Edward Caniglia’s been trying to get his guns back from the Cranston, Rhode Island police department ever since. Tomorrow, the justices will consider the arguments of Caniglia’s attorneys and the defense attorneys for the Cranston police department. The defendants maintain that an exception to the Fourth Amendment’s protections against unreasonable searches and seizures applies in the search of Caniglia’s home, though even the First Circuit Court of Appeals realized it was treading in uncharted waters when they agreed with the defense.
We’re getting into the legal weeds here, but in essence the Court is being asked to decide if a “community caretaker” exception to the Fourth Amendment applies in this case.

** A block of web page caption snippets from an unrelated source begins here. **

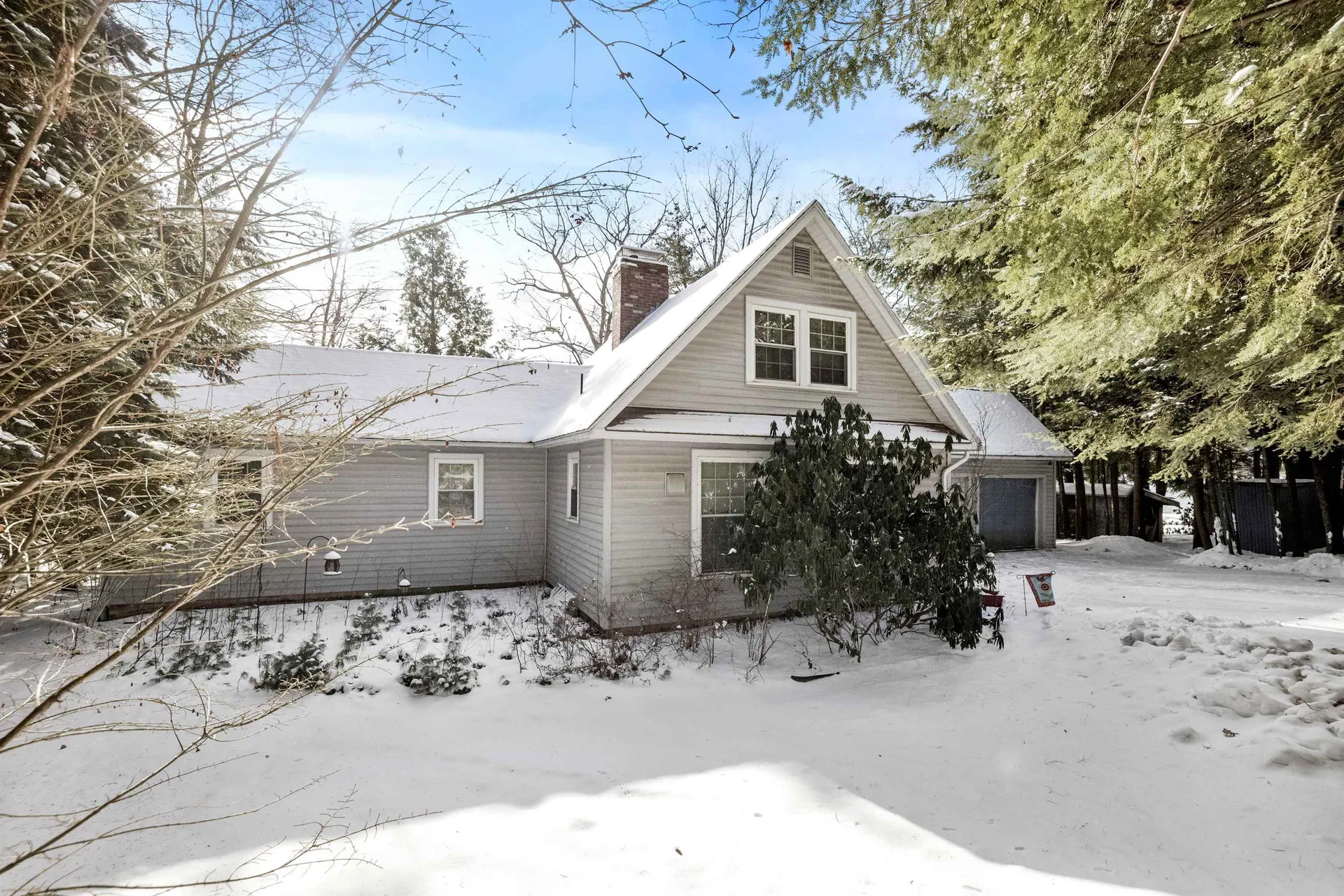 382 Shore Drive Laconia NH 03246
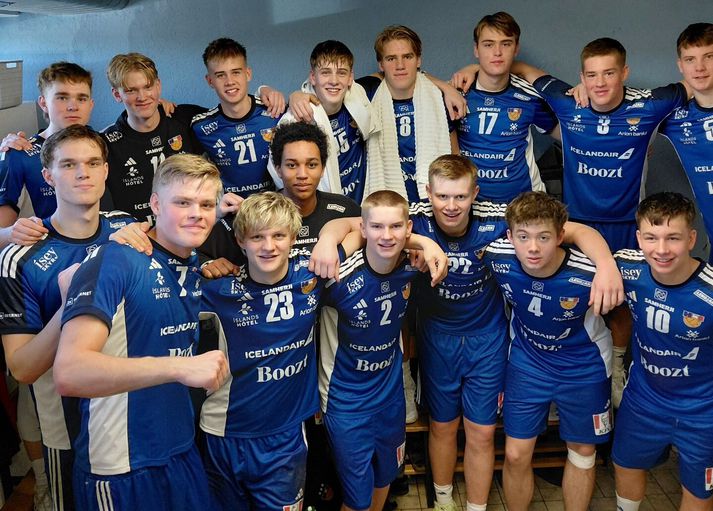 Íslensku strákarnir fagna sigrinum á Portúgal.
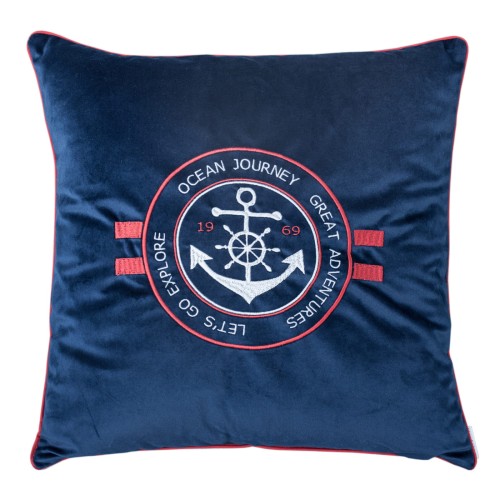 Poduszka dekoracyjna w kolorze granatowym z haftowaną kotwicą w okrągłym wzorze. Obwódka w kolorze czerwonym. Widoczne napisy: OCEAN JOURNEY, GREAT ADVENTURES, LET'S GO EXPLORE, oraz rok 1969. Miękka tkanina velvet. Stojąca na płaskiej powierzchni.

The Supreme Court had recognized the exception in a 1973 case, Cady v. Dombrowski, in which police searched the trunk of a car that had been towed after an accident.
“In the decades since Cady, however, the so-called ‘community caretaking’ exception has taken on a life of its own,” the cert petition said. “Courts across the country are deeply divided about whether the ‘community caretaking’ exception can justify a warrantless intrusion into a home. There is at least a 4 to 3 split on that question among the federal courts of appeals. State courts are similarly divided.”

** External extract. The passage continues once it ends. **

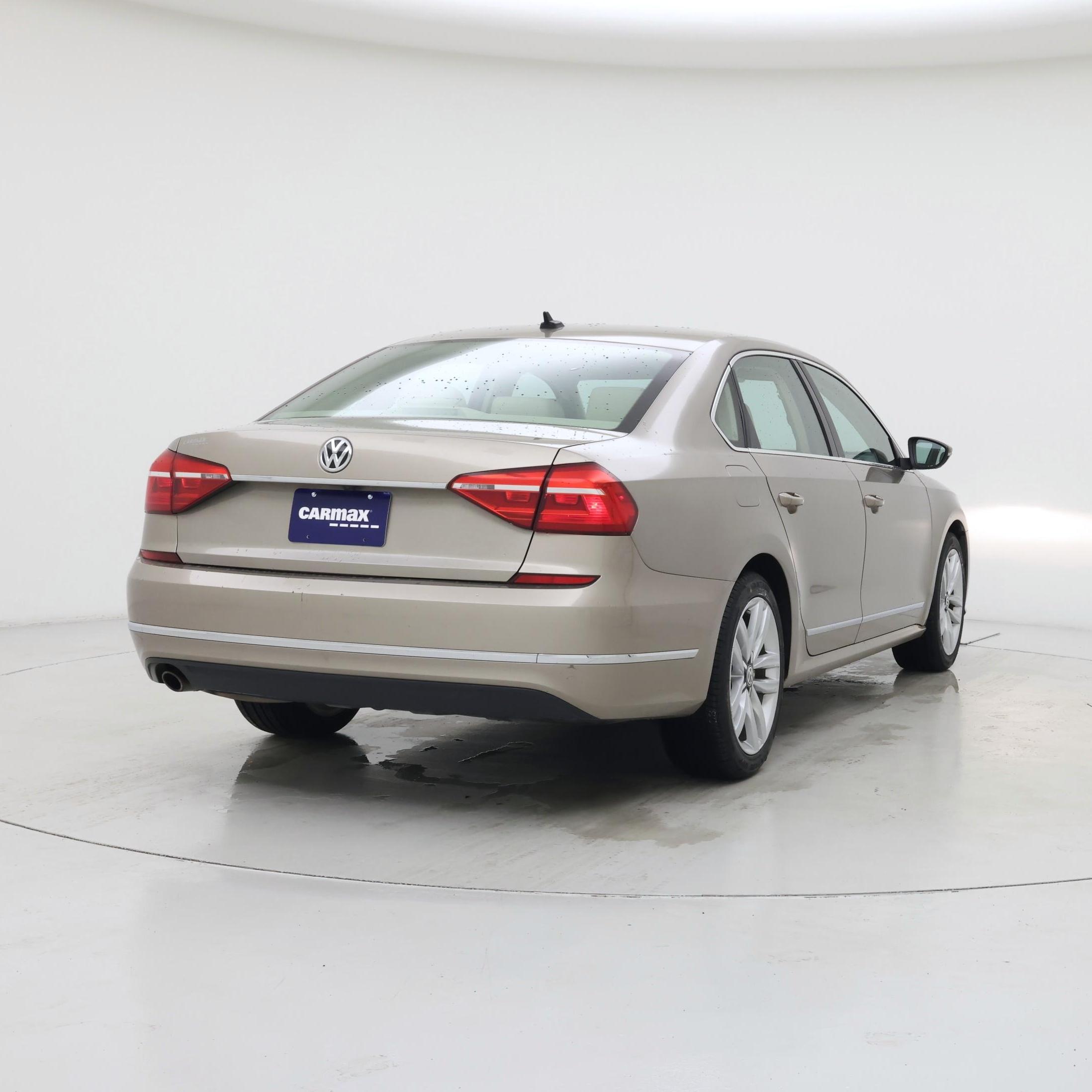 Thumbnail: 2016 Volkswagen Passat - 8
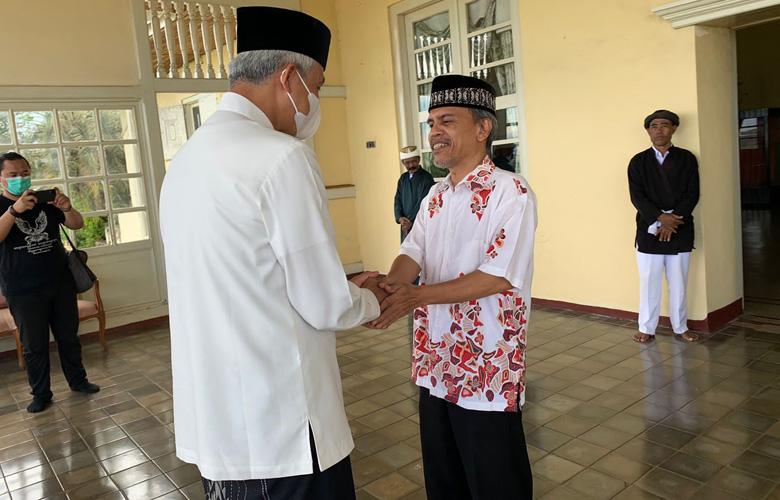  Momen Ganjar Menikmati Kopi Rempah dan Jejak Soekarno di Kesultanan Ternate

The cert petition asked the Supreme Court to hear the case and rule that the community caretaking exception can’t be used to justify a warrantless search of a home.
While Caniglia doesn’t directly implicate the Second Amendment in its cert petition, this will be a hugely important Fourth Amendment case, and it could serve as a powerful check on the powers of government if the Court rules that the seizure of firearms from someone they believe may pose a threat to themselves or others doesn’t take precedence over the individual citizen’s right to privacy and security in their own home.